Hoyer's solution is a water soluble mounting medium; acetocarmine, a water soluble stain. Florence S. Wagner, at the University of Michigan, Ann Arbor, working with fern chromosomes, combined these 2 solutions in equal volumes, producing Hoyer's acetocarmine. She and her husband have used this-with excellent results for several years.
In preparing a chromosome squash, the HAC is used as a conventional
stain. Chromosomes stain lightly, but can be seen clearly using phase contrast.
To make a preparation permanent the slide is allowed to sit for 2-3 days
at room temperature and in this time the HAC slowly hardens. Slides are
then sealed using clear nail polish. The great asset of this technique
is that the slide becomes permanent without having to remove the coverslip.
|60 gms gum arabic||100 mls distilled water|
|400 gms chloral hydrate||40 mls glycerine|
Dissolve gum arabic in water for 24 hours. Add chloral
hydrate. Let stand 24 hours. Add glycerine. Do not use heat. Bubbles should
disappear after several hours.
|45 cc glacial acetic acid||55 cc distilled water|
Add 0.5 gm of carmine, boil gently for 5 mins in a reflux condenser. Shake well and filter when cool. A drop or two of 45% acetic acid saturated with iron acetate can be added.

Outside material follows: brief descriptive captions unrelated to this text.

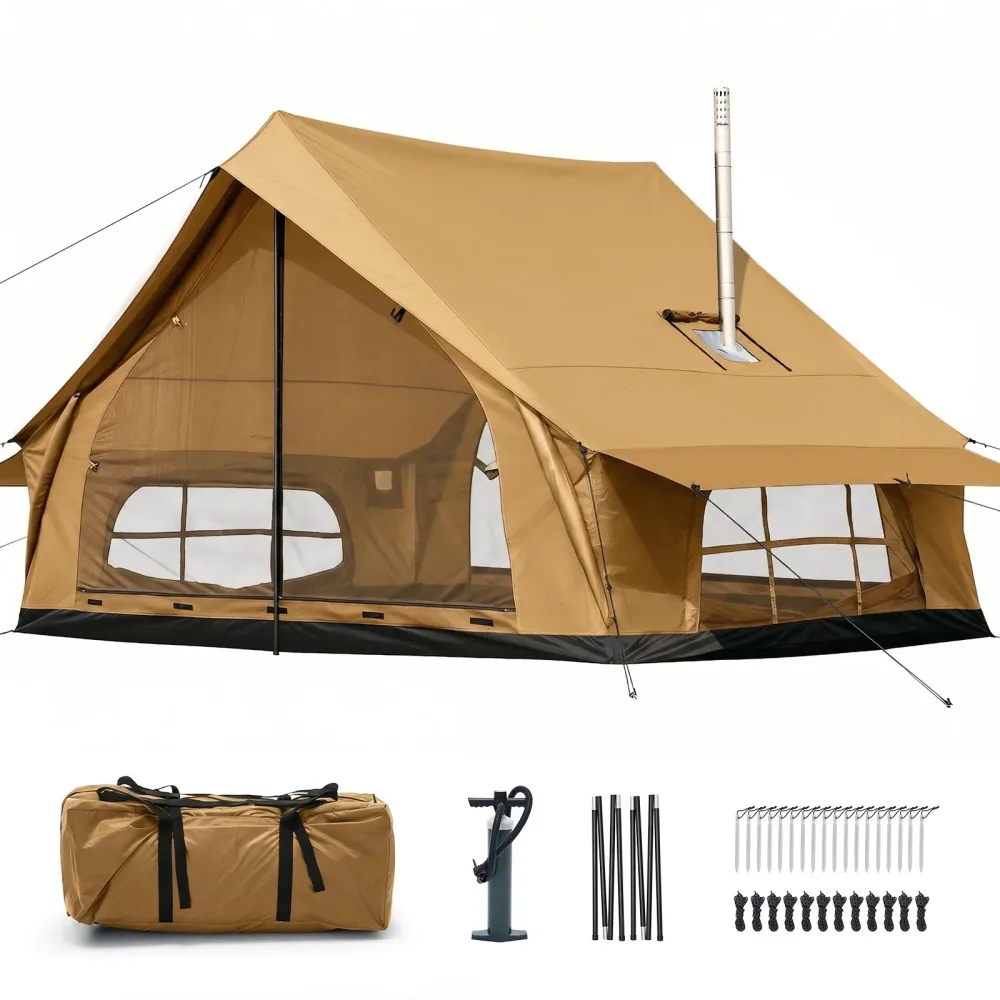 Hot Tent 2-4 person portable brown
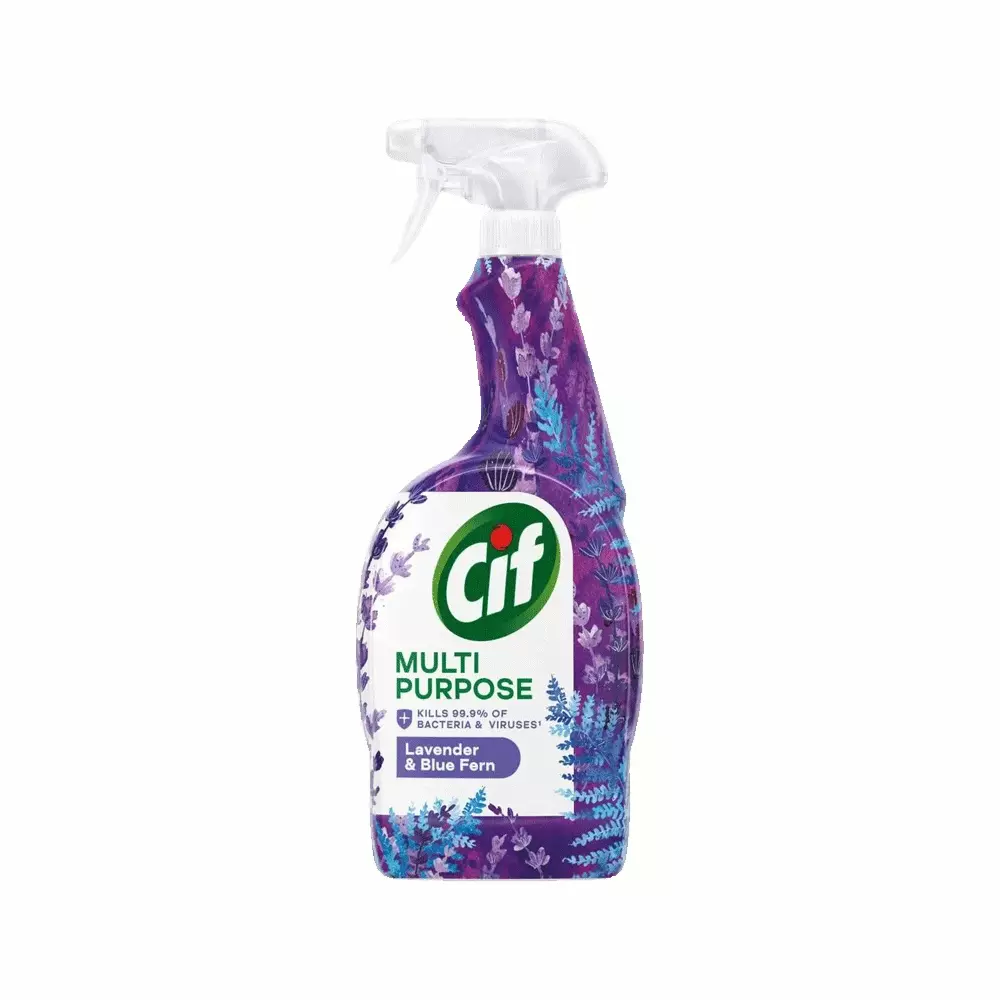 CIF MULTI PURPOS LAVENDER&BLUE FERN 750ML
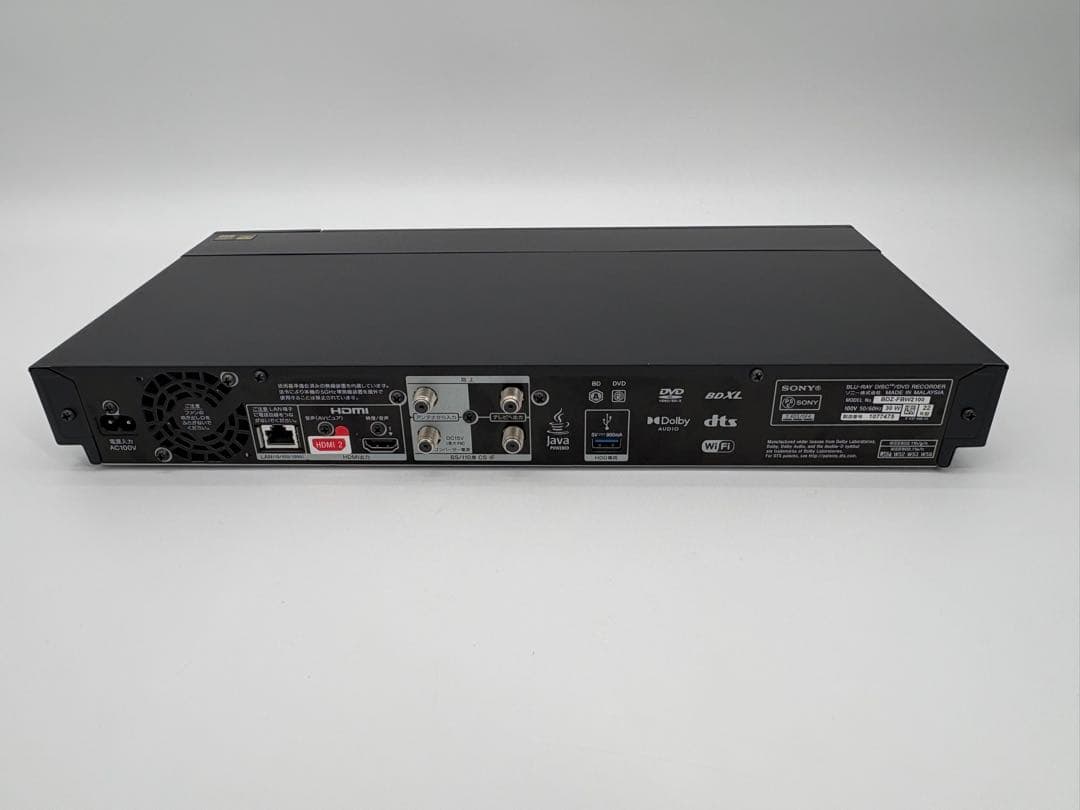 SONY Blu-ray レコーダー BDZ-FBW2100 22年製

The Wagners at Michigan use Newcomers solution as the fixative of choice for fern material before HAC preparations. Newcomers was originally developed for bird chromosome research. An initial study using maize has been made to compare this fixative with the traditional Farmer's fluid (absolute alcohol 3 : acetic acid 1) and 2.5% glutaraldehyde in pH 6.8 buffer. The latter is used in electron microscopy for plant material and is recommended as a non-coagulative fixative. Newcomer's without dioxane was also tested but it was not satisfactory because the sporocytes burst too easily and the chromosomes did not stain significantly. Material placed in Newcomer's is allowed to stand several hours at room temperature, before being stored in a freezer. Fern material fixed in Newcomer's has been stored for years without deterioration. Summary of initial results:
With material fixed in Newcomer's it was easier to get more mother cells with good chromosome spreads than with material from any other fixative, otherwise the results with Newcomer's and Farmers were nearly equivalent.
When glutaraldehyde was used as a fixative the cytoplasm fixed well, but the nucleolus appeared to shrink in size, leaving a gap that appears as a distracting halo around the structure. Glutaraldehyde penetrates tissues very slowly and this may result in osmotic shrinking of the nucleolus before fixation.